# [Work order]
When you repeat the material, keep each line exact and omit the pictures.

# [Collected material]
_____

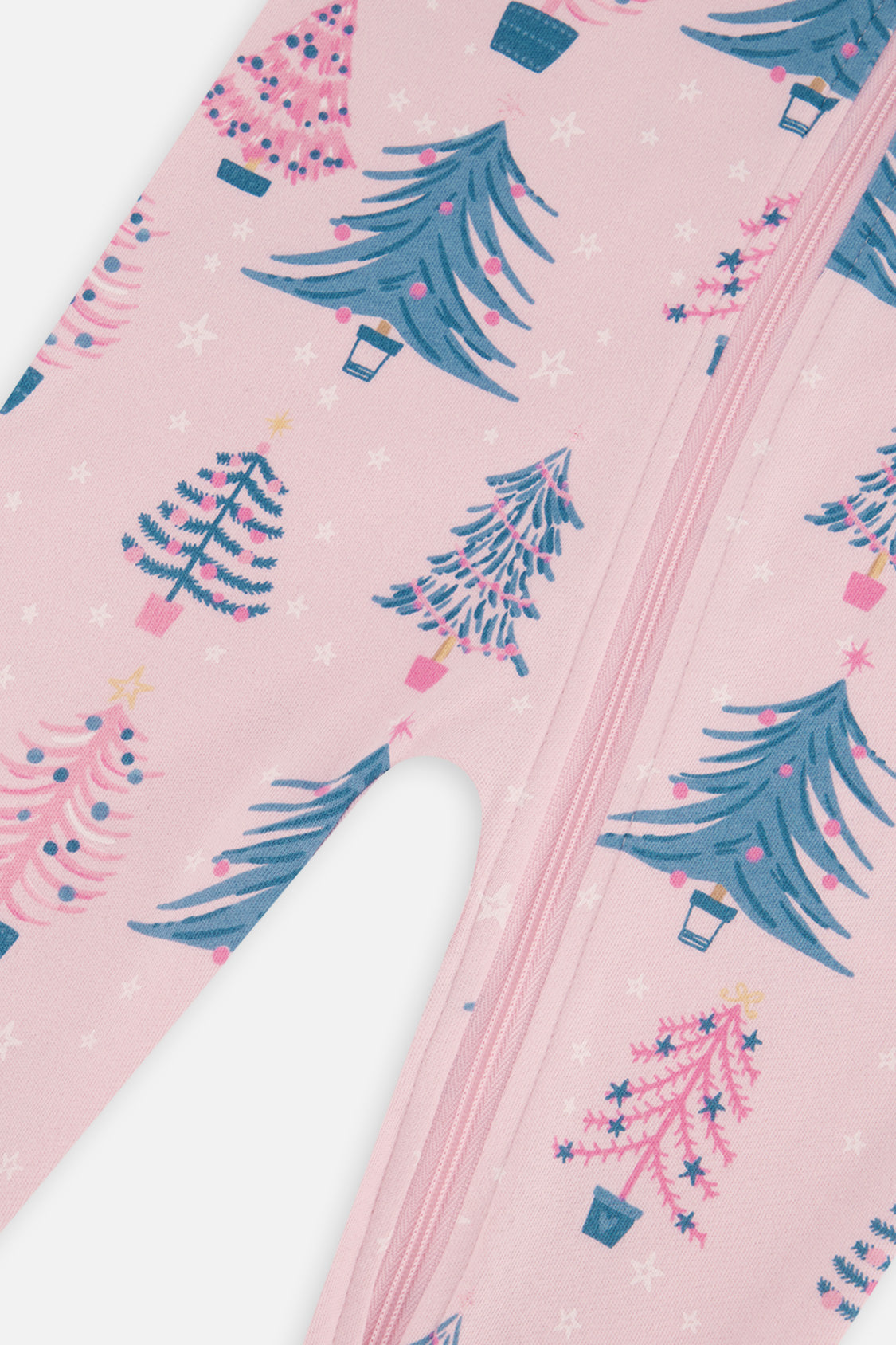Baby Organic Cotton One Piece Pajama Pink Tree Print - J20PA40_2J224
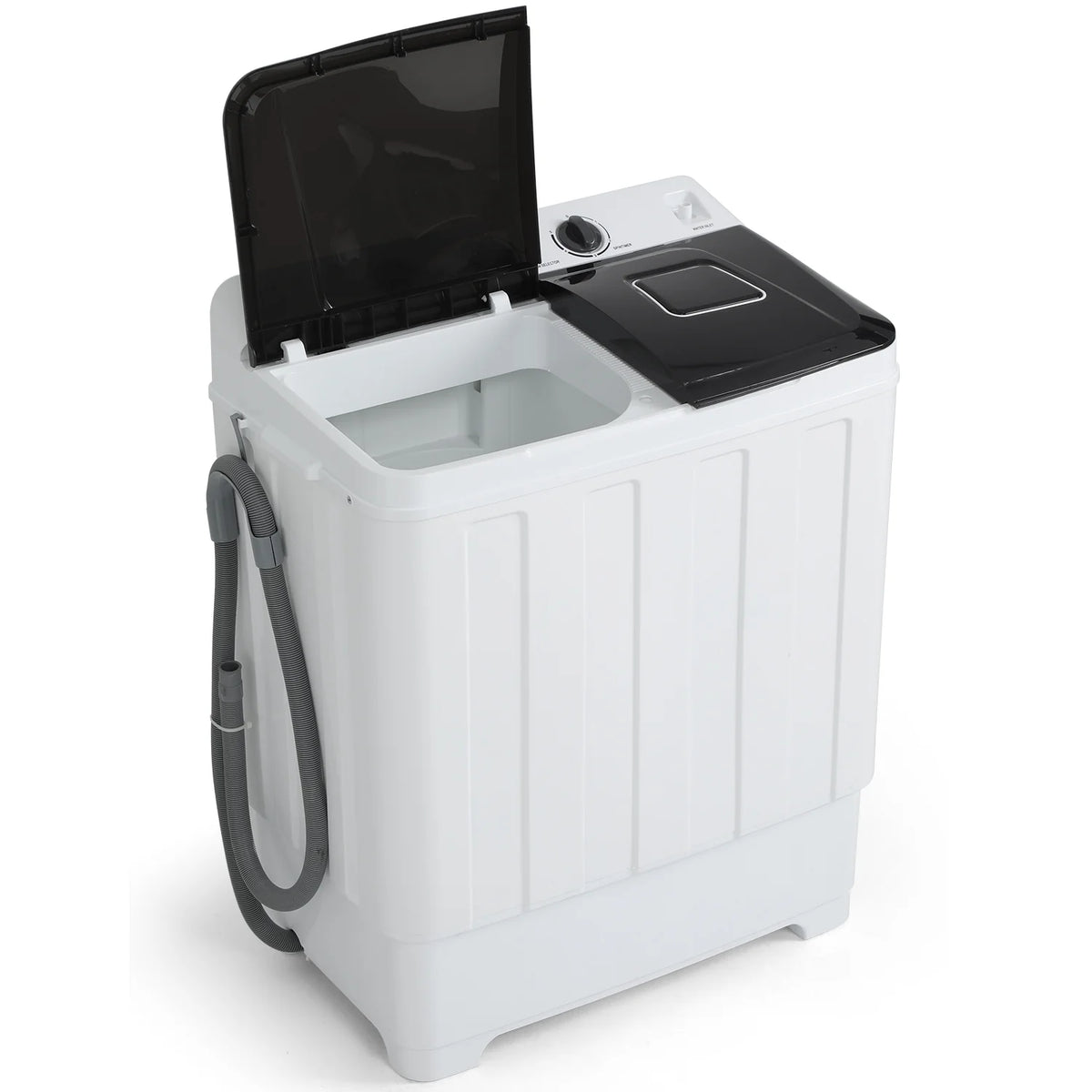 Portable 30LBS Twin Tub Mini Compact Laundry Washer Spinner Combo White Gray D674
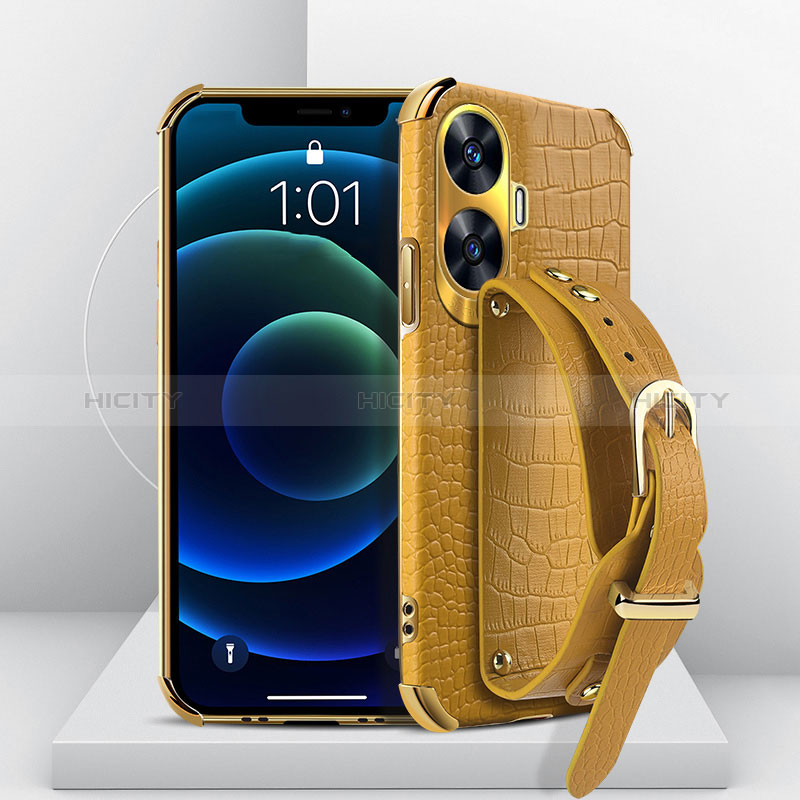 Coque Luxe Cuir Housse Etui XD4 pour Realme C55 Jaune Plus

_____

# [Result of this exercise]
Baby Organic Cotton One Piece Pajama Pink Tree Print - J20PA40_2J224
 Portable 30LBS Twin Tub Mini Compact Laundry Washer Spinner Combo White Gray D674
 Coque Luxe Cuir Housse Etui XD4 pour Realme C55 Jaune Plus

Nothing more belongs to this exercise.